Some workers are not assigned to any task

Hi, I use ‘ray start’ to launch a cluster of 4 nodes and all nodes are on the dashboard and their status are refreshed correctly. However, when I launch about 100 tasks to the cluster, there’s one or two nodes that no task is assigned to and during this time these hosts have no other work (cpu is very low). From the worker nodes’ log, I didn’t see any error printed, nor did I use any plancement group.
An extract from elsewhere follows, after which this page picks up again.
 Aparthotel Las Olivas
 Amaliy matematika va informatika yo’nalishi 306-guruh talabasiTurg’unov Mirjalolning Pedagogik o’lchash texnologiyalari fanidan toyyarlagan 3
Any idea how I should investigate?

Thanks,
-BS

Hi @blshao84, tasks are scheduled by Ray in order to minimize cross-node communication and leverage object store locality. Thus, if you have enough resources (e.g. 256 CPUs) and only schedule 100 tasks, this may happen. This usually shouldn’t be a problem as each task per default only uses one CPU anyway - so for your workload it usually doesn’t matter if it is running on a CPU on a node where each other CPU is occupied or if it is the only task running on the node.
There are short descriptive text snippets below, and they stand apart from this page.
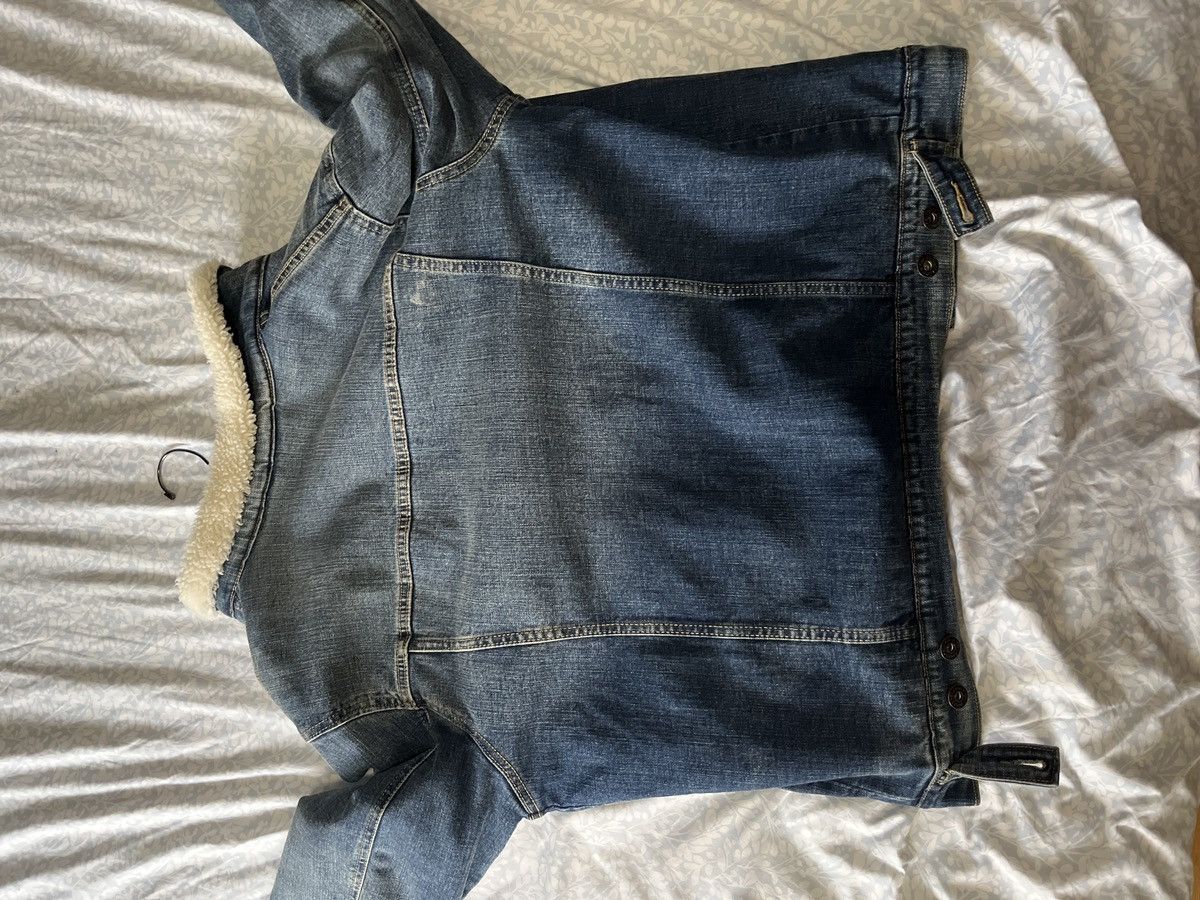 Other 📌 DENIM JACKET - GOODFELLOW & CO 📌 Size US M / EU 48-50 / 2 - 2 Thumbnail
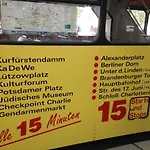 Berlin West Center Savigny Platz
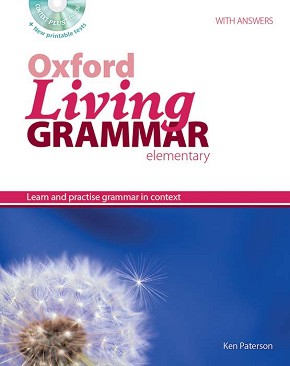 Oxford Living Grammar - Elementary (A1):      8.    + CD-ROM - Ken Paterson -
Obviously this is not true when other factors, such as network bandwidth, come into play.

What you can do here is to use placement groups with a SPREAD strategy. This tries to spread the tasks as much as possible across nodes, so should be exactly what you’re looking for.

If this is not what you’re looking for or need help setting this up, it would be great if you could share a little bit more about your use case.
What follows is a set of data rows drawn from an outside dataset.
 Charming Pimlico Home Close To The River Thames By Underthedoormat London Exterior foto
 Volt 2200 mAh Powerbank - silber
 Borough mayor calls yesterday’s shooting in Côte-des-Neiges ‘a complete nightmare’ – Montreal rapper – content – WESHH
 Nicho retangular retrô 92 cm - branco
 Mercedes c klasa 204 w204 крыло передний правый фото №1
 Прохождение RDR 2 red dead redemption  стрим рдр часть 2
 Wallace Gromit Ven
Thanks Kai, I will definitely try the plancement groups, but in my case I have 100 tasks but the cluster only has 32 cpus. I will send more info after I tried placement group.

Thanks,
-BS

Can you also print the output of ray.cluster_resources()?

Hi @rliaw, this is what I got and node ‘10.2.237.188’ and ‘10.23.186.153’ have 4 cpus and are problematic nodes that don’t get any task. Let me know if you need more info.

{‘CPU’: 32.0, ‘memory’: 68120886889.0, ‘object_store_memory’: 31923500235.0, ‘node:10.23.237.188’: 1.0, ‘node:10.23.113.84’: 1.0, ‘node:10.23.190.245’: 1.0, ‘node:10.23.186.153’: 1.0, ‘node:10.23.219.58’: 1.0}

Are your tasks very short?

No, each task takes about 10-20 seconds. It turns out to be some wired host issue. After I removed those two problematic hosts from the cluster and added two new ones, everything works fine. All hosts are able to receive tasks.

The remaining issue here is why I cannot find any error from log.

1 Like

I guess we don’t really have good error message for connectivity issues like this. Do you have any good suggestion that we could’ve done better here? (like showing that this host is not well connected to the head node or sth like that? )

I have confirmed it is a connectivity issue and after I stop the firewall, all hosts are able to process tasks. However, I’m still unable to find out which port is blocked.

I notice there’s a debug_state.txt in the log, maybe we can dump some connectivity msg there. For example, it checks all ports ray workers require. Or even better it passes this info to the dashboard. What really stuck me in the first place, is that it looks everything is working fine from the dashboard, but somehow there’s still connectivity issue.

Hmm, did you set worker-port-range for each of your ray nodes?

no, I didn’t. The issue itself is caused by my firewall setting, but the problem is there isn’t any error either from the dashboard or the log.